Almeida ainda refutou a análise de que o governador teria uma melhora de imagem dentro de Salvador após a aproximação com o prefeito ACM Neto (DEM), visualizada em diversas oportunidades. Para ele, os investimentos do governo na capital baiana explicam a melhora da relação do Palácio de Ondina com os soteropolitanos. “Creio que a mudança se deve ao pacote de mobilidade urbana, a relação com ACM Neto não é novidade. E certamente o fortalecimento do governo na capital posiciona de forma mais competitiva a candidatura à sucessão. A imagem de Jaques Wagner é forte e será grande cabo eleitoral”, frisou o secretário de Comunicação. Almeida exemplificou esses investimentos com a ordem de serviço que será assinada hoje para intervenções na orla com cifras que ultrapassam a marca dos R$ 7 milhões.
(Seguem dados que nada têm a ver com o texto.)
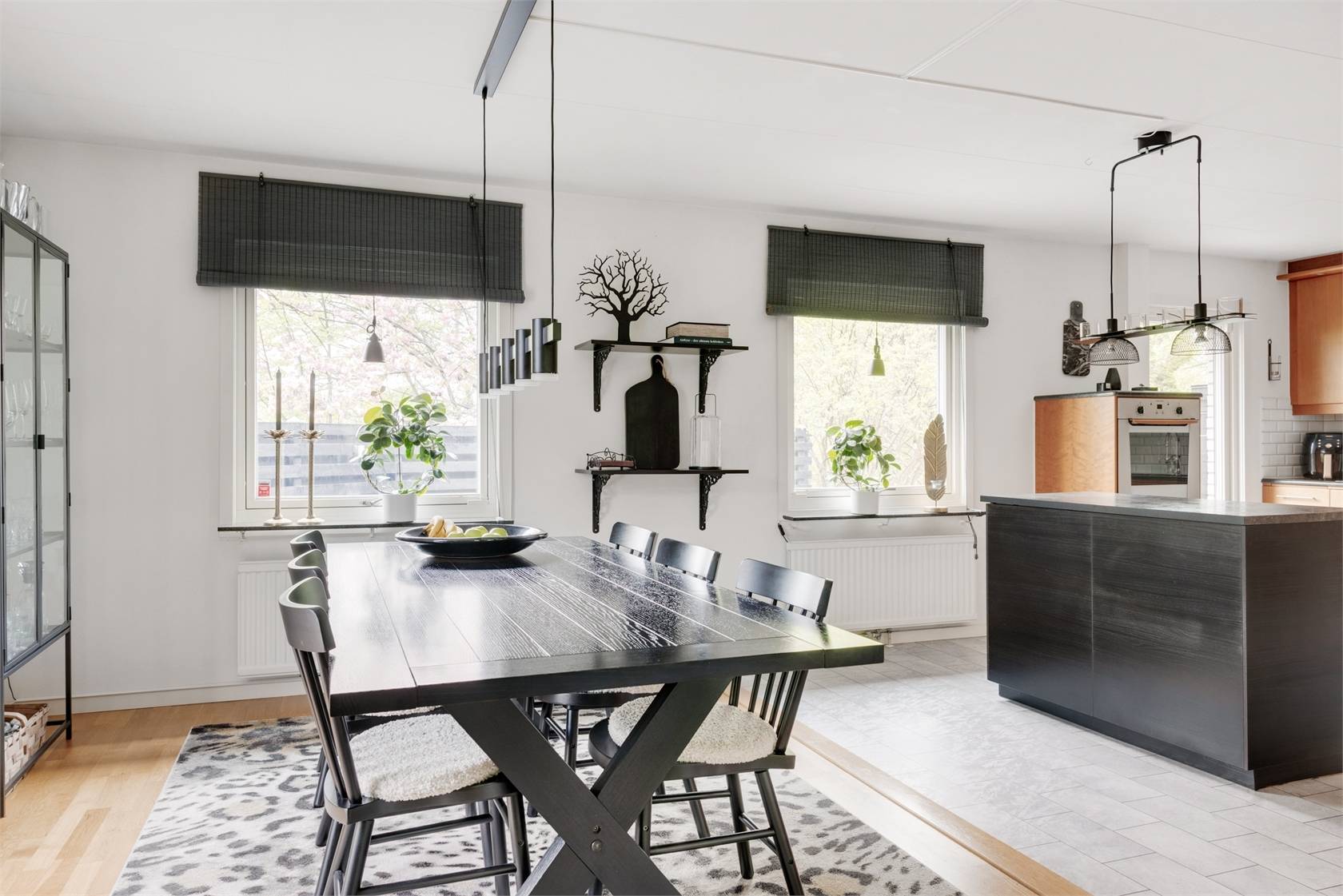 6 rum Villa på Skönadalvägen 6 Hofterup Kävlinge kommun - bild 18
A situação da seca também foi tema da entrevista e Robinson Almeida citou fatores que estão na busca de minimizar os impactos para os moradores da região do semiárido, como a inauguração da adutora do São Francisco e o andamento da obra de transposição do Rio São Francisco. “A seca tem efeitos na economia, pois perde na plantação, na pecuária. Agora a proteção social às pessoas, com o bolsa-família e o bolsa-estiagem, fez com que não víssemos cenas do passado, mas temos que avançar na infraestrutura hídrica, como a transposição”, explicou.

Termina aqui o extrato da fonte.